> [What the task requires]
Report the lines of the material that carry the string "Party".

> [Provided records]
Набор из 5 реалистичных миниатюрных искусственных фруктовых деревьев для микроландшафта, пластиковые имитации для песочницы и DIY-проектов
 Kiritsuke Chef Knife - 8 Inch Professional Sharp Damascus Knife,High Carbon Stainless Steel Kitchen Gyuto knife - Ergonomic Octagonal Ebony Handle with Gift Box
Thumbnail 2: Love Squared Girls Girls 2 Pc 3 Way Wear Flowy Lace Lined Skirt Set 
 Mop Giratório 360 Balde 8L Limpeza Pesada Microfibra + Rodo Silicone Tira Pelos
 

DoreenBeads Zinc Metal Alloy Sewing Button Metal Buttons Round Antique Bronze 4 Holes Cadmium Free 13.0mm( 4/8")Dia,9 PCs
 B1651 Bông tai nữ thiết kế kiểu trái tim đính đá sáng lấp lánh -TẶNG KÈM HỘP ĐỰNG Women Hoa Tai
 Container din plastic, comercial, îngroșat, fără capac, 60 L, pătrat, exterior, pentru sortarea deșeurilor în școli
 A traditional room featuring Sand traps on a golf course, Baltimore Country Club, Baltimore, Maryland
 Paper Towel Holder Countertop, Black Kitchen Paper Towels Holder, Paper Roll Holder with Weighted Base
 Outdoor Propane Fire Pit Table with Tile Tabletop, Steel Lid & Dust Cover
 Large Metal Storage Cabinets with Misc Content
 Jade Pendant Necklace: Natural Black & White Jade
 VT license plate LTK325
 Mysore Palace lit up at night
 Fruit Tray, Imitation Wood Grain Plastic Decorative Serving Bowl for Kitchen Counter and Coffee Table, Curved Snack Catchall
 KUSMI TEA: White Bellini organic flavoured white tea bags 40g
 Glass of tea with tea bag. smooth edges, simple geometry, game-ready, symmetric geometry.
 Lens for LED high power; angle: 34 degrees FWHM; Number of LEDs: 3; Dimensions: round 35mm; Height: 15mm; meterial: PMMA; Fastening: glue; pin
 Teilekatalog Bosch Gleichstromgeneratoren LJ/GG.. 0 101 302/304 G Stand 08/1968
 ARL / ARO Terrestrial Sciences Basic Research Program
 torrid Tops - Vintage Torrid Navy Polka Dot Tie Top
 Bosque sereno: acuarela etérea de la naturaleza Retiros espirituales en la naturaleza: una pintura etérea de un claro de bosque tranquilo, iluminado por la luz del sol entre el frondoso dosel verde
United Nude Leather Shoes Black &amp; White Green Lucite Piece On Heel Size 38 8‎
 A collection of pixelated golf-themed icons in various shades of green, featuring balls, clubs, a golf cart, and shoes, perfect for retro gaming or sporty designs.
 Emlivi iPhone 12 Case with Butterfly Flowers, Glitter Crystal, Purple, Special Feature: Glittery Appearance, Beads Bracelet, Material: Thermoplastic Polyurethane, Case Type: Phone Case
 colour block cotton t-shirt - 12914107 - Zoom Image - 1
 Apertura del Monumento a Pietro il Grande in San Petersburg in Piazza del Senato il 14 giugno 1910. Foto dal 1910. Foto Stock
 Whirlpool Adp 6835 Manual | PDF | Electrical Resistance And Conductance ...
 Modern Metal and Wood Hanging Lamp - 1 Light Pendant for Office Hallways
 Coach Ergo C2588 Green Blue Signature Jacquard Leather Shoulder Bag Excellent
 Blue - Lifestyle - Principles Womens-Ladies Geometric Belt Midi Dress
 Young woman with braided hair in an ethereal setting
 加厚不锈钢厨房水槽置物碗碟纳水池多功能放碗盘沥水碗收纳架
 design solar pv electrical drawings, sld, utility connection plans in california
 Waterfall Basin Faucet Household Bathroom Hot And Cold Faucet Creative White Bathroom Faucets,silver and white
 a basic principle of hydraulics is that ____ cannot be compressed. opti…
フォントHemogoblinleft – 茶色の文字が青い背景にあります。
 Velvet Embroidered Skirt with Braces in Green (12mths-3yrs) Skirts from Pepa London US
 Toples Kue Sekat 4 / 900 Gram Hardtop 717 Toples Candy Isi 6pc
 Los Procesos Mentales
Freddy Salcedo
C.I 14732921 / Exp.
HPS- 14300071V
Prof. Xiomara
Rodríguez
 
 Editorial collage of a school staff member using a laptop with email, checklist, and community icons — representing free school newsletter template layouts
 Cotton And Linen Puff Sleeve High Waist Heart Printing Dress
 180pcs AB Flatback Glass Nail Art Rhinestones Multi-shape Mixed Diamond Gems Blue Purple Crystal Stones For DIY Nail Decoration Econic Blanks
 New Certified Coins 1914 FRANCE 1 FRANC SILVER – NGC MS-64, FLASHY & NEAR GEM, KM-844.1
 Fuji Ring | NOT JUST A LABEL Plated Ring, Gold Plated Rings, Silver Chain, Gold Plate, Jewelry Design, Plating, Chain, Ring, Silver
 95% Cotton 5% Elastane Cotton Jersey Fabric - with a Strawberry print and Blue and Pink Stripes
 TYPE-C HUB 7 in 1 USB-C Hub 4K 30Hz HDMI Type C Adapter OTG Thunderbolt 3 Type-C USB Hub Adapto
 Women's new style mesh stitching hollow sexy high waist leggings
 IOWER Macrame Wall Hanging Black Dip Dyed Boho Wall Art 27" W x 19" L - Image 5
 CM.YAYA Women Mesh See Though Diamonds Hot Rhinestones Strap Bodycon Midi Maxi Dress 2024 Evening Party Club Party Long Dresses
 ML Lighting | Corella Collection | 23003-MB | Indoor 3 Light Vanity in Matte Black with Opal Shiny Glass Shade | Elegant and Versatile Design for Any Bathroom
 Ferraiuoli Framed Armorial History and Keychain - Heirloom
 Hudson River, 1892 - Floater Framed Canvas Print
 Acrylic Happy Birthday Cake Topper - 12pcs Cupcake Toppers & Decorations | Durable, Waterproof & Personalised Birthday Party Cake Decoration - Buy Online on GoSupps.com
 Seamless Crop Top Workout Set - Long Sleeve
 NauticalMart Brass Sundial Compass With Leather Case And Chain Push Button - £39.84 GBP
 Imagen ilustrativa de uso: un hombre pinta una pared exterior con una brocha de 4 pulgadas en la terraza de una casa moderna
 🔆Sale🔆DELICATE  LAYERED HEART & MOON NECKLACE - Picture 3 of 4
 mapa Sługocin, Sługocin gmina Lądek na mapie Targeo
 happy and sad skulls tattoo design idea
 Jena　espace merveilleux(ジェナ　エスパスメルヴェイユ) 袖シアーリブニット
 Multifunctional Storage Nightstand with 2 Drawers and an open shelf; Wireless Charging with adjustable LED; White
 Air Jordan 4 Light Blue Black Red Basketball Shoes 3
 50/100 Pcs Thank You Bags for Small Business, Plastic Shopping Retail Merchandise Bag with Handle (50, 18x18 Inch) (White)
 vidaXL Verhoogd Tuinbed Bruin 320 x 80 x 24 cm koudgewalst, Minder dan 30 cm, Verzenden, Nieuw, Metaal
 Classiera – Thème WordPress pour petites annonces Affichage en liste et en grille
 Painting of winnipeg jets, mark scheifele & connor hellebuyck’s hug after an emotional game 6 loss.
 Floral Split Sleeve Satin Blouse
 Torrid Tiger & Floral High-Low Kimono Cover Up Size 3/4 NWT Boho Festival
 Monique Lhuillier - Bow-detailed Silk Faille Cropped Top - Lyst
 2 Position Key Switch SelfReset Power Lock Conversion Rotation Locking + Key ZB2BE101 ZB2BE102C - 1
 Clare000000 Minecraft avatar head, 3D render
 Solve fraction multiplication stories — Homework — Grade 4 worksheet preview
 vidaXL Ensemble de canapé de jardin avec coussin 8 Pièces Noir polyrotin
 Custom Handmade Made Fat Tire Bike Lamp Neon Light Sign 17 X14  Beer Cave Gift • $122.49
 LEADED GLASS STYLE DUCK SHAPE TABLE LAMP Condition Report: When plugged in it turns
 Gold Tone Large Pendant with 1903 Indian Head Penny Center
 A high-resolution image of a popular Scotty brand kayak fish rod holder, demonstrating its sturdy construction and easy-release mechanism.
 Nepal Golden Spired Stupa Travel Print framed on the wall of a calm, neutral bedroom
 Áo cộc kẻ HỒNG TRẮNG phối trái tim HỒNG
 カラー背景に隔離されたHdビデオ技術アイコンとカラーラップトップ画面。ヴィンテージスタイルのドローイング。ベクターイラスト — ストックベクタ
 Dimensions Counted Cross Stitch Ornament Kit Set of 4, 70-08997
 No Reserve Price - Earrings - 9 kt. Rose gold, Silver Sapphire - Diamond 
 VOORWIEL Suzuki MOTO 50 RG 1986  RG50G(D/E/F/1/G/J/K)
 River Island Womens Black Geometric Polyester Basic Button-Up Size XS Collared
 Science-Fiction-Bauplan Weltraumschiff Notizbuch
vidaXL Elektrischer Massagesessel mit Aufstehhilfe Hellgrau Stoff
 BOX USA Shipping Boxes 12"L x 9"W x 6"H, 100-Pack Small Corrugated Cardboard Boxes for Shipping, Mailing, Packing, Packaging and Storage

> [Result of the exercise]
 CM.YAYA Women Mesh See Though Diamonds Hot Rhinestones Strap Bodycon Midi Maxi Dress 2024 Evening Party Club Party Long Dresses
 Acrylic Happy Birthday Cake Topper - 12pcs Cupcake Toppers & Decorations | Durable, Waterproof & Personalised Birthday Party Cake Decoration - Buy Online on GoSupps.com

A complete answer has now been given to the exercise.